> WORK ITEM
Starting with the line with "Appartement à DOMENE" in the entries below and going on through the line with "Antonov An-124 Ruslan (RA-82043)", output every line exactly and nothing more. No pictures.

Start of RECORDS PROVIDED

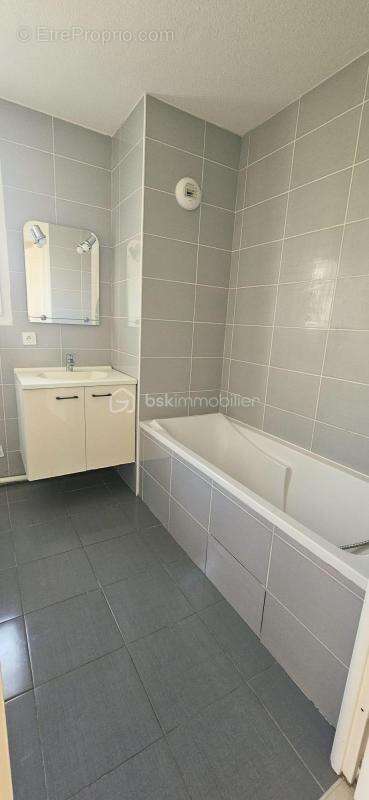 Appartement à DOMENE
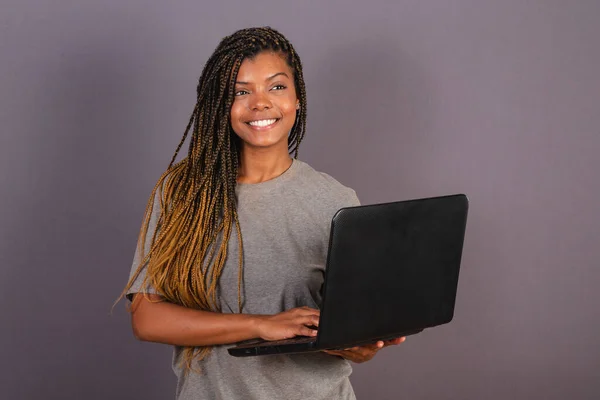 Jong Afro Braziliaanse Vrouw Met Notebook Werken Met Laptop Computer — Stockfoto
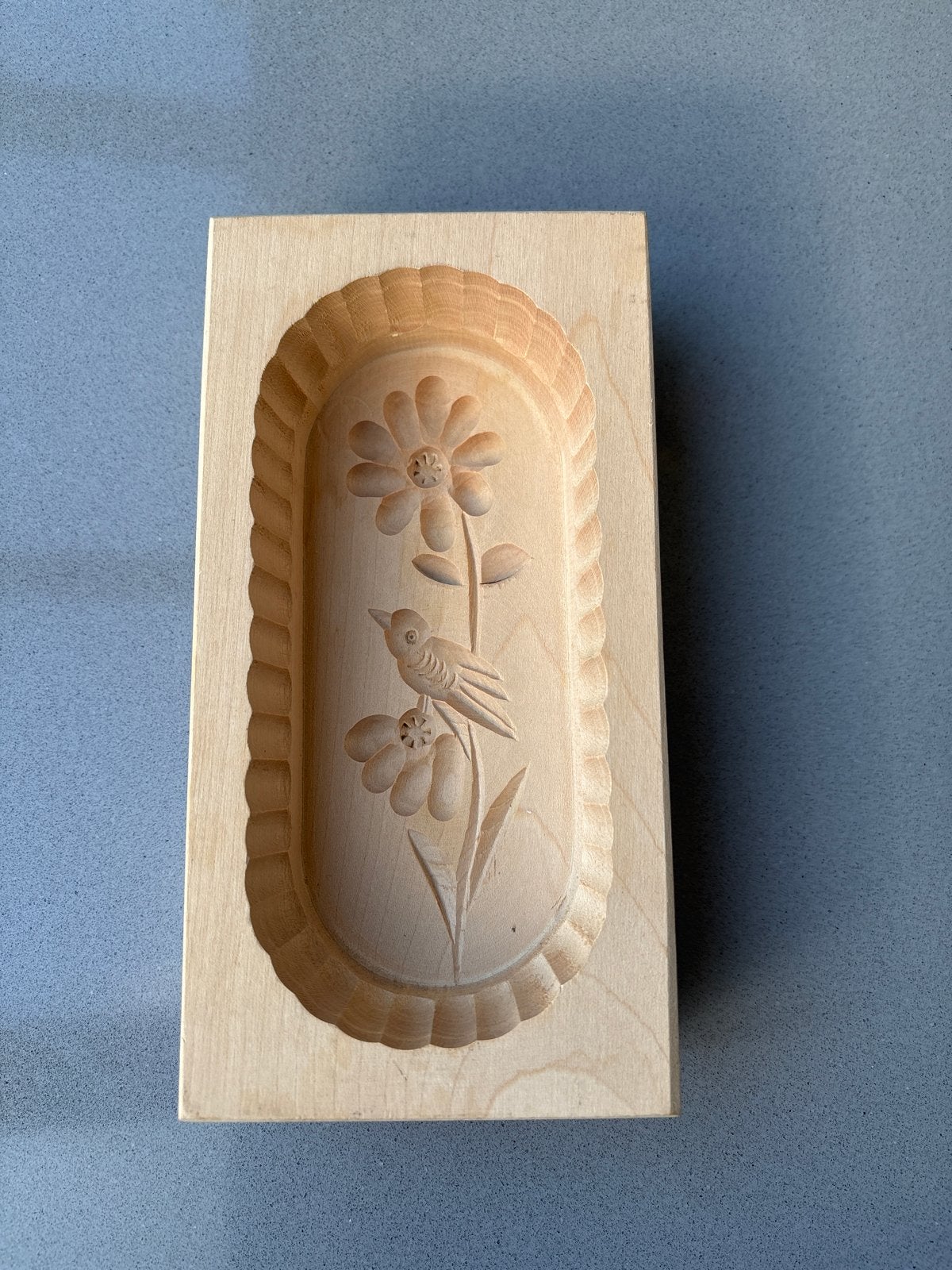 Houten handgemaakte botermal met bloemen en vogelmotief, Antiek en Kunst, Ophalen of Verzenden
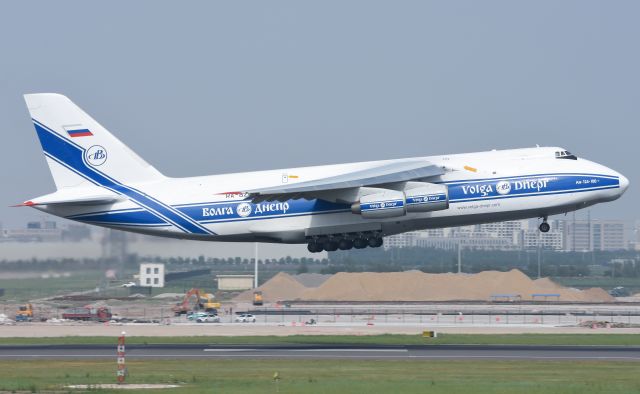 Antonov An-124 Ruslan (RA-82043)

End of RECORDS PROVIDED
Start of RECORDS PROVIDED

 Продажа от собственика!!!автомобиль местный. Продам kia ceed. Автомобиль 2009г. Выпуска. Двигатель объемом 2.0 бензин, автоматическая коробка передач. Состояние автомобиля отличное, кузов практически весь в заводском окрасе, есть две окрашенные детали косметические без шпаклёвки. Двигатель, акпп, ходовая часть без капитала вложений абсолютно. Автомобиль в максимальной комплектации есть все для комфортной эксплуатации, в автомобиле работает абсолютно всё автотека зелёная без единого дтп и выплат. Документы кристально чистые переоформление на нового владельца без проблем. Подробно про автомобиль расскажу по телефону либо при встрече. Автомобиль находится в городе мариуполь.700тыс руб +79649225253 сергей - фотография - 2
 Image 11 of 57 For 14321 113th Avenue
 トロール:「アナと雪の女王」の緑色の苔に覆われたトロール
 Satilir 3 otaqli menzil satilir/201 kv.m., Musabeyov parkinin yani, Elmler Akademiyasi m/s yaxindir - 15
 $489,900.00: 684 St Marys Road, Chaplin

End of RECORDS PROVIDED
Start of RECORDS PROVIDED

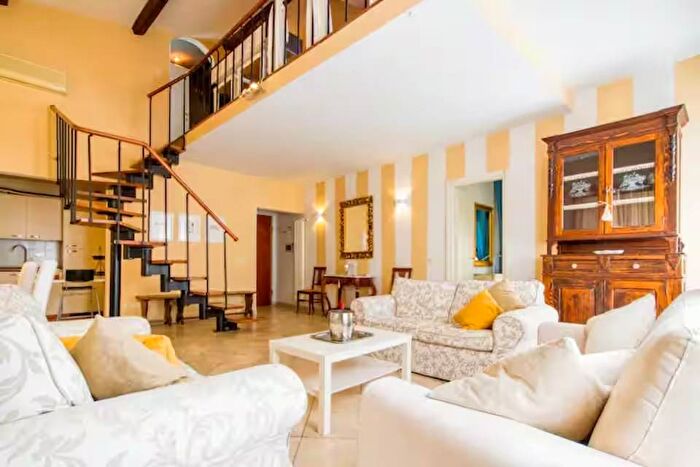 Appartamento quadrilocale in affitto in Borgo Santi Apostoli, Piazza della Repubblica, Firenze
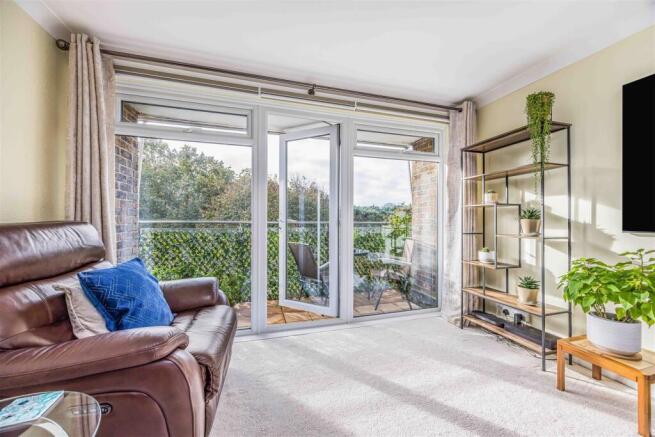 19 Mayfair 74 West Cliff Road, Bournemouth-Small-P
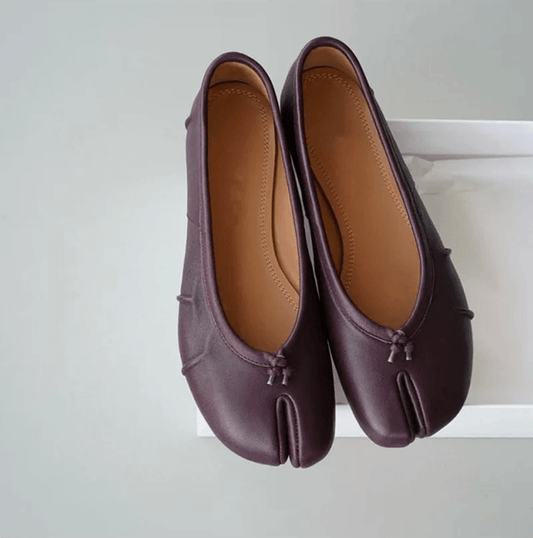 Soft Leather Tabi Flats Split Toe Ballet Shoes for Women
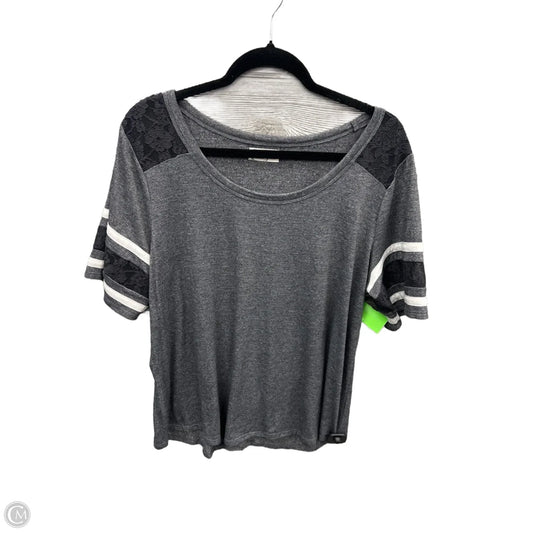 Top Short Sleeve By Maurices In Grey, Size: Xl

End of RECORDS PROVIDED

> SOLUTION BELOW
 Appartement à DOMENE
 Jong Afro Braziliaanse Vrouw Met Notebook Werken Met Laptop Computer — Stockfoto
 Houten handgemaakte botermal met bloemen en vogelmotief, Antiek en Kunst, Ophalen of Verzenden
 Antonov An-124 Ruslan (RA-82043)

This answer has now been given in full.